Ton témoignage m’interpelle car je suis handicapée mais je n’ai jamais été dans une institution spécialisée (heureusement!), j’ai fait toute ma vie au milieu des valides (études, sport…enfin tout).
Et j’en suis très heureuse, car, je ne sais pas si tu le sais, mais pour la majorité des personnes handicapées qui ont eu la chance et les capacités d’y échapper, l’institution représente un ghetto . Oui, je sais, ça fait caricatural dit comme ça. Mais ton témoignage en est la preuve ; là-dedans, on ne tolère même pas la sexualité et l’amour des personnes. Et je ne parle même pas du fait que c’est totalement stigmatisant que les personnes restent toujours entre elles. Je ne parlerai pas non plus du fait que les progrès scolaires et les études sont gravement compromis dès que tu te retrouve dans ces structures, ni du fait que plein d’enfants qui auraient la capacité de rester dans le cursus « normal » y sont envoyés de manière totalement abusive ,juste parce qu’on ne veut pas s’adapter et qu’on trouve normal qu’ils restent à l’écart.

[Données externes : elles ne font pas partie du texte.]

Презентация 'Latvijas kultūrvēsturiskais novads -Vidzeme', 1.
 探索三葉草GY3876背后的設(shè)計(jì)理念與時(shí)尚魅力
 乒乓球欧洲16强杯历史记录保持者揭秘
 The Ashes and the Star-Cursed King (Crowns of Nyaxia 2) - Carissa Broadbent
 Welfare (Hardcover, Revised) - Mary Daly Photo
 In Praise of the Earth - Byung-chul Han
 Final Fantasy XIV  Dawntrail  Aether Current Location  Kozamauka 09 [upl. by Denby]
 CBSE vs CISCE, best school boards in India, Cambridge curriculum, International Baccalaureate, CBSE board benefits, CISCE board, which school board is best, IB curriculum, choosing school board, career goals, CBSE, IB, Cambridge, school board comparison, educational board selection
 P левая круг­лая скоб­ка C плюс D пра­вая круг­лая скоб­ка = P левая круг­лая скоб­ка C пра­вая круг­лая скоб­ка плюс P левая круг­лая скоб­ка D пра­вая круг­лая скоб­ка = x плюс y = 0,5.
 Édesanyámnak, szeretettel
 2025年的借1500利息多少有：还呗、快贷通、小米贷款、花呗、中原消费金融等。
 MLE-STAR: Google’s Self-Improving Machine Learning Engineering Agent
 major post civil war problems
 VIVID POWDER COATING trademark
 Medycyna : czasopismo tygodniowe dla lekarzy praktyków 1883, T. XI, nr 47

C’est dégeulasse mais ce n’est pas le sujet.
Ce qui m’étonne, en revanche, c’est que les éducatrices spécialisés ne semblent avoir qu’une vision partielle du handicap. Je veux dire, as-tu déjà rencontré des personnes handicapées hors des institutions? As tu déjà vu comment vivait les personnes handicapées hors de ces ghettos? Parce que, dans ce cas là, ça peut être très différent. Il y a pas mal de personnes handicapés en dehors des murs de l’institution qui peuvent avoir une vie amoureuse et sexuelle relativement plus épanouie.